違和感バリバリだった台詞の数々も自然と馴染んで聞こえるのですから、音だけで評価していたことをただただ反省。
そりゃ、俳優一筋で生きている役者さんと比べれば物足りなさはありましたけれど、愛嬌でカバーされていたかな。
偶に見せる笑顔と動物園でのはしゃぎっぷりの破壊力は、想像以上でした。
現役のアイドルなんだな~と思わせてくれます。
そうはいっても、全体から見れば、もうちょっと頑張って欲しかったという映画だったのです。
という訳で、今作の感想です。
そんなオチはいらなかった
原作漫画の1巻から6巻44話までを再構成したシナリオとなっていました。
「ライトノベル編」直前までなので、一応区切りとしては良かったのかもです。
そもそも、花代子(存在自体オミットw)がいないと始まらないシリーズですしねw
という訳で、区切り方としては納得出来ますし、要所をしっかりと纏めた構成になっているのですが…。
映画としては甘いです。
…って何様なんだろう、僕は…。
言葉を知らないガキですね。
本当に感想すらまともに書けずに申し訳ありません。
えと。
ようするに、オチが無いんですよ。
まぁ、別の意味でオチがついてましたが。
警察に連行されているシーンで終わりというね。
場内爆笑でしたけれど。44話のラストと同じでしたけれど。
原作はまだまだ続くので、こういうラストでも問題無かったのだけれど、映画はここで本当に終わりです。
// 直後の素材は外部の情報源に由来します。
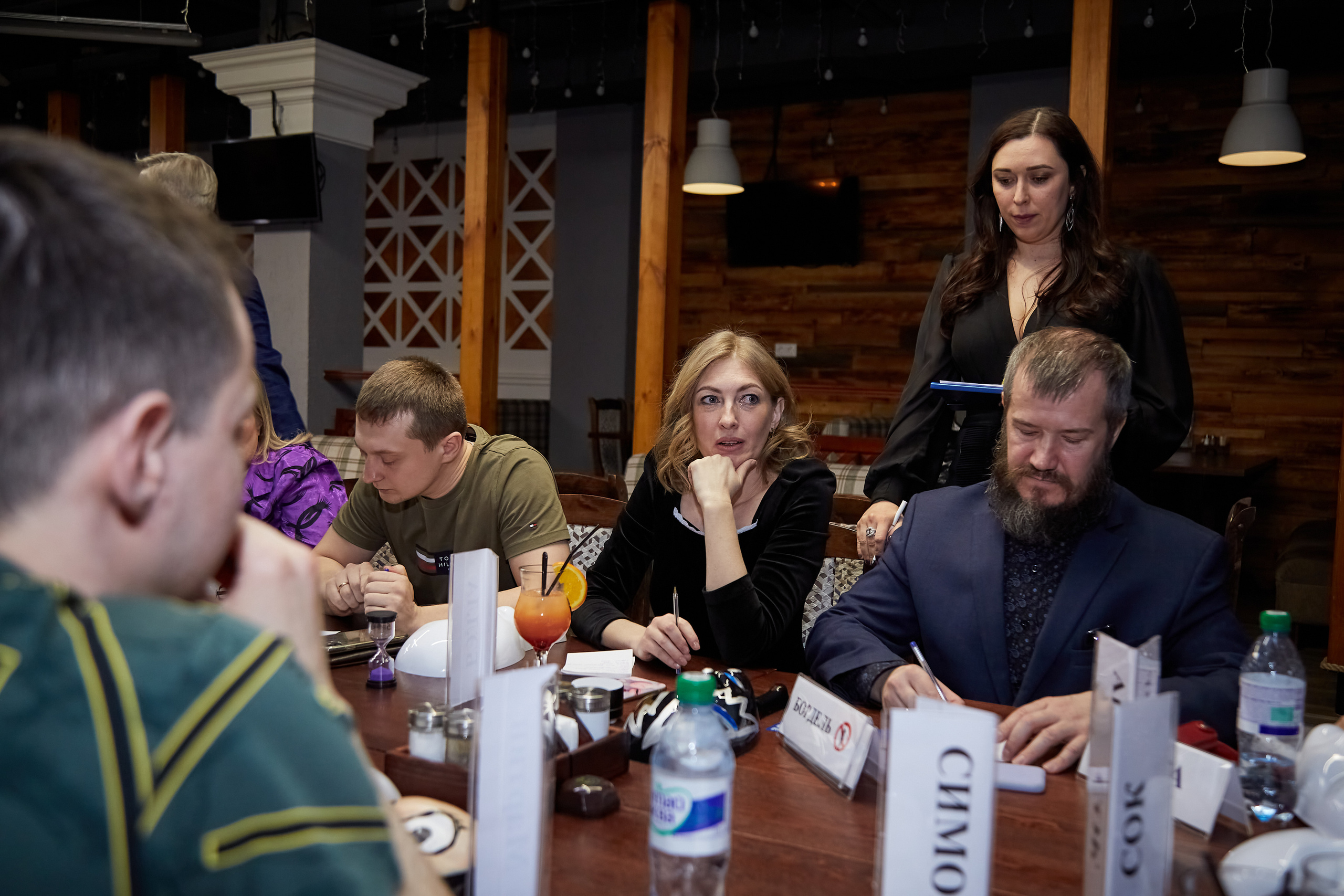 Мафиози. Фотограф Барнаул Фатыхов Тимур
コメディじゃないんだから、笑いを取るオチはいりません。
結局響は、「小説家として突出した才能を持った非常識な暴力女」として終わっちゃうんです。
決して間違いじゃないけれど、この作品が表現したいところはそこじゃないでしょうよ。
響に影響を受けた人々の物語
主人公についてとことんまで突き詰めると、世の中の作品は2つに大別されると思うのです。
1つ。周りの影響を受けて主人公の活躍を描き出す作品。
1つ。主人公の影響を受ける周囲の人達を通して、主人公を描き出す作品。
今作はどちらかといえば、圧倒的に後者の側面が強いです。
その為に、響は一般人とは徹底的に違うように作られています。
響は、作家として天才という設定で、彼女の小説を読んで大なり小なり影響を受けた人々が次々と出てきます。
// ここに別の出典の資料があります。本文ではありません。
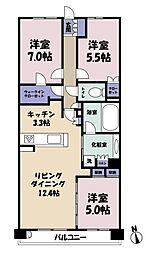 ウエリスつくば研究学園レジデンス　ブライトサイド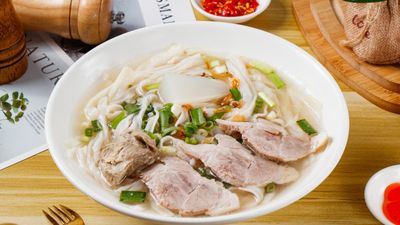 七品河粉美食 (農安店)
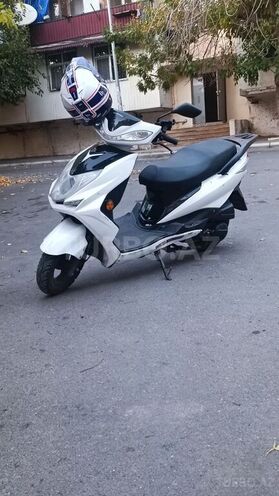 Yamaha Crux 2020, 9,900 km - 0.0 l - Bakı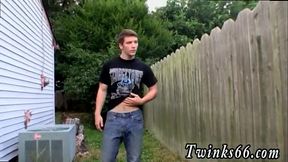 Gay piss enema movies One of the gang, however, has more than just a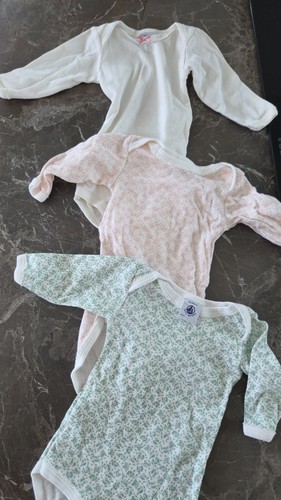 Petit bateau langarm - petit,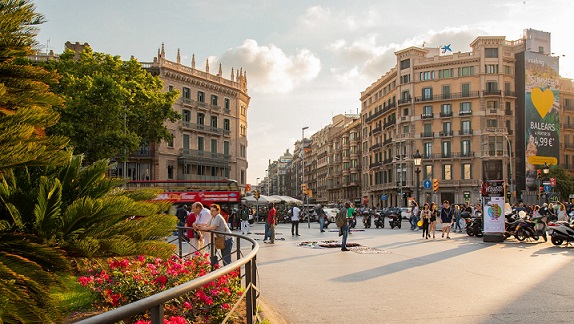 Travel Barcelona Spain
ただ、それだけだと「天才」という「一般人とは違う面」の差異を出すには弱いと考えられたのか…。
彼女は、性格面でも違いを見せています。
それが、誰にも忖度をしないという点です。
他人のことなんか知らない。
自分が思ったことを思った通りに実行する。
本音を隠さない。信条を貫く。
やられたらやり返す倍返しだ。
世間からは怖い人、非常識な人間と映る事でしょう。
あまりにも一般人の常識とは逸脱しているから。
だからこそ、響く人には響くのでしょうけれど。
彼女の言葉はキレ味が鋭すぎます。
思ったことを包み隠さず、歯に衣着せぬ物言いだからこそ、心にズシンと来るのでしょう。
それこそ図星を突かれれば、グラッと人生観が揺らいでしまう。
これは僕ら読者とすれば、「小説で変わった」とされるよりも分かりやすい描写ですよね。
「響の小説(お伽の庭)」を僕らは読めませんので。
兎も角、「響に影響された人々の物語」というのが、今作の軸だと思っているのです。
影響後が欠落していた
そのように響に影響された人を描くには、響と出会う前と影響を受けた後の両方を描かないと意味がありません。
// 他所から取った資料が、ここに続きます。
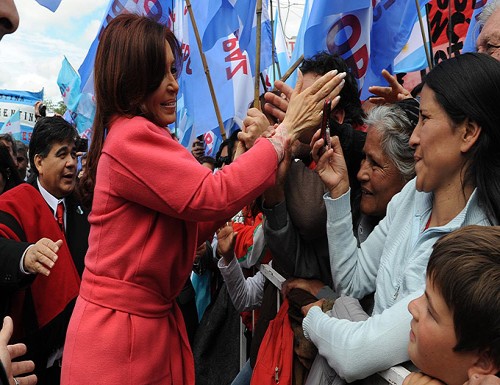 “hay sutiles formas de desestabilización”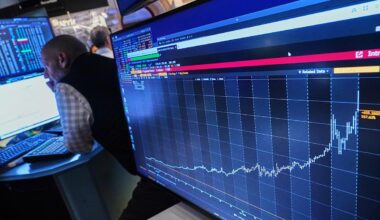 How Wall Street is setting records even with the Iran war still going on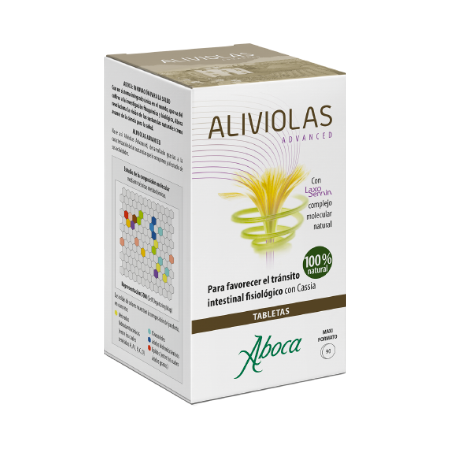 ALIVIOLAS ADVANCED 90 TAB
変わった所をきちんとしないと影響を受けたかどうかが分からないからです。
この観点で今作を見てみます。
クレジットの順番や作劇を見る限り、主に2人のキャラクターを「響に影響を受けた人」に設定していたように思えます。
1人は祖父江凛夏。
リカは、響の圧倒的才能の前に打ちのめされるキャラクターです。
響よりも先にふみに見出され、響よりも先に小説を書いてきた子。
先輩だし、部長でもある。
リカにそんな気はなくとも、心のどこかで「響よりも上」という絶対的な優位性を持っていたはずなのです。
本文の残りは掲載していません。